Where there are lively people or situations, people who are the most fragile are often the first to discover and frequent them, reinforcing their sense of belonging to society.
Between 1970 and 1990, an oasis comparable – on a smaller scale – to the Jean Talon Market in Montreal, operated in North Hatley, a village in the Eastern Townships: it was a bakery and restaurant called Chez Dame Jacqueline. It was, according to everyone, a lively and vibrant place and therefore was always busy. It was such a vibrant place that it became the soul of this rather cold village and, at the same time, a bridge between its two linguistic communities, whose ties were nevertheless sharply tested by the political convictions of the owner and her husband, a very colourful man, full of vitality, aptly named Vital! And what shape did vitality – life – take in that place? It took the shape of bread, of brioches and other colourful pastries, spread generously across a pine table next to an aged wood stove. It looked like the red, checked serviettes, like the antique tools suspended from the walls, like Jacqueline wearing the regional dress of the Gaspé, and like her quiche Lorraine. It took the shape of green plants, blond wood, and a thousand other things that made it a place where people felt a sense of belonging. No one could define it, but everyone felt it.
The residents of the Maison Blanche, a local home for people with mental illnesses, were among the first to find this place, to adopt it, and to be adopted by it. The regulars remember Ralph, a man who said little and who smiled non-stop. He helped Vital with many small tasks, including the daily chore of bringing wood up from the cellar. Vital, who himself had known difficult times, knew that he had to use a falsely rough tone of voice when speaking to Ralph in order to put him at ease … to the point where he could act there just as he would in his own home. He was the only one who could go into the kitchens, where there was always a coffee and a pastry waiting for him. This royal treatment added something radiant to his happiness and his smile, something that made other customers happy.
Chez Jacqueline was closed over the winter, but that didn’t stop the owners of the place from practicing the virtue that was their very life and breath: hospitality.
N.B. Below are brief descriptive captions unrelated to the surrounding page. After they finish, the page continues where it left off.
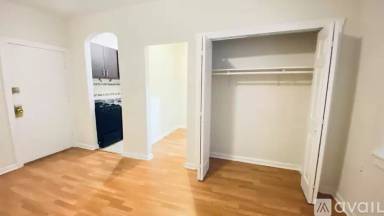 Main picture of 839 W Sheridan Rd Apartments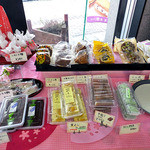 Kashiboudokoro Kyouya - 和菓子が並ぶ台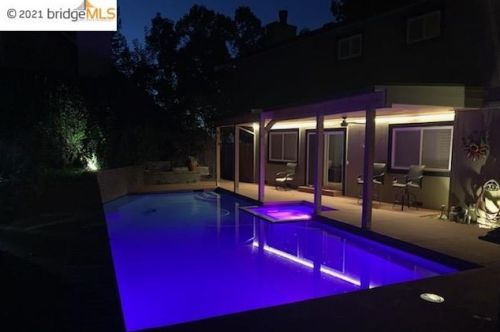 1180 Ridgemont Pl, Concord CA 94521-4831 exterior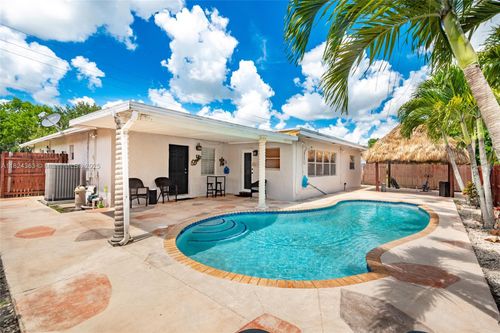 11700 Sheridan St, Pembroke Pines, FL, 33026-1432 | Card Image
They did this to such a degree and so well that a Montreal psychoanalyst was in the habit of encouraging his patients, his female patients especially, to vacation in a shelter in North Hatley, so they might have an opportunity to talk with Jacqueline and Vital. They had the time, they loved people, they knew how to put them at ease and how to listen to them – they only intervened to bring their guests back to the present moment from time to time. The story underlines how important free time is to the practice of hospitality, free time that, in this instance, followed the rhythm of the seasons – another way of bringing oneself closer to Life.
|The restaurant Chez Dame Jacqueline, was in the center of Norht North Hatley, in front of Massawippi Lake.